In particular, one has the following facts.

[Section 13.1, Corollary 1]: The following are equivalent:

(i) Every character of $G$ is $\mathbb{Q}$-valued.

(ii) Every character of $G$ is $\mathbb{Z}$-valued.

(iii) Every conjugacy class of $G$ is *rational*: for every $g \in G$ and positive integer
$k$ prime to the order of $g$, $g^k$ is conjugate to $g$.

As noted above, since raising an element of the symmetric group $S_n$ to a power prime to its order does not change the cycle decomposition, condition (iii) holds and the implication (iii) $\implies$ (ii) answers the question. [The proof is the basic Galois-theoretic argument given in some other answers. The implication (ii) $\implies$ (iii) is deeper in that it uses the irreduciblity of the cyclotomic polynomials.]

Some others have said that the shortest or simplest proof arises from knowing that all of the irreducible representations of $S_n$ can be explicitly constructed and therefore seen to be realizable over $\mathbb{Q}$. I respectfully disagree.
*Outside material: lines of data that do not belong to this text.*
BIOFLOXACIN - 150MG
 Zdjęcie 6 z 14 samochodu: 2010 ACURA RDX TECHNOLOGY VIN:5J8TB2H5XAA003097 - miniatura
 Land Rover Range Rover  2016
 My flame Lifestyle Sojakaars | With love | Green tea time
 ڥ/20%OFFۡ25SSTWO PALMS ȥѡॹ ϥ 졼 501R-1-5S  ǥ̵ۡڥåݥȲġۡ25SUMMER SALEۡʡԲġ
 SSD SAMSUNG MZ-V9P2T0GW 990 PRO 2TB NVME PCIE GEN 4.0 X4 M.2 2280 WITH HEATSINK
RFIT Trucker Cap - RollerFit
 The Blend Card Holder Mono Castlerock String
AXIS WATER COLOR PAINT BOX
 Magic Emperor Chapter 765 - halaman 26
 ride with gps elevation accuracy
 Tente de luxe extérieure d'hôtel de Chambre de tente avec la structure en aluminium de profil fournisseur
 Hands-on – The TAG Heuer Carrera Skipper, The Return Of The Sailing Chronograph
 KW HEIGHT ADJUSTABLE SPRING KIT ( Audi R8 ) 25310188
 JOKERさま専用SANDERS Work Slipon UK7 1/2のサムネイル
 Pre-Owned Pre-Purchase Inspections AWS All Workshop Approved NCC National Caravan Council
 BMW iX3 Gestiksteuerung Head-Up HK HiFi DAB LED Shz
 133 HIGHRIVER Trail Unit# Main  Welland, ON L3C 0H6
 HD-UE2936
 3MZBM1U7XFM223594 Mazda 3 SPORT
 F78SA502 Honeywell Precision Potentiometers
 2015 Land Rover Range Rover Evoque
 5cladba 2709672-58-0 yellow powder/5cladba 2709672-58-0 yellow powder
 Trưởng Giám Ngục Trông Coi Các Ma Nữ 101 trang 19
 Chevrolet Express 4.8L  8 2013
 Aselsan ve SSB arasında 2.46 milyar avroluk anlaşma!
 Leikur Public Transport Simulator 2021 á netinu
This is a nontrivial theorem of Young which Serre refers to but does not prove in his book (Example 1, p. 103).

Moreover, Serre explains that the condition of rationality of characters is in general weaker than rationality of representations: there are obstructions here in the Brauer group of $\mathbb{Q}$! Namely, by Maschke's Theorem the group ring $\mathbb{Q}[G]$ is semisimple, say a product of simple $\mathbb{Q}$-algebras $A_i$ which are in bijective
correspondence with the irreducible $\mathbb{Q}$-representations $V_i$. By Schur's Lemma,
$D_i = End_G(V_i)$ is a division algebra, and one has $A_i \cong M_{n_i}(D_i)$. Then:

[Section 12.2, Corollary]: The following are equivalent:

(i) Each $D_i$ is commutative.

(ii) Every $\mathbb{C}$-representation of $G$ is rational over the abelian number field generated by its character values.

Thus just knowing that the character table is $\mathbb{Z}$-valued is not enough. The standard example [Exercise 12.3] is the quaternion group $G = $ {$\pm 1, \pm i, \pm j, \pm k$} for which

$\mathbb{Q}[G] \cong \mathbb{Q}^4 \oplus \mathbb{H}$,

where $\mathbb{H}$ is a division quaternion algebra over $\mathbb{Q}$, ramified at $2$ and $\infty$. It corresponds to an irreducible $2$-dimensional $\mathbb{C}$-representation with rational character but which cannot be realized over $\mathbb{Q}$.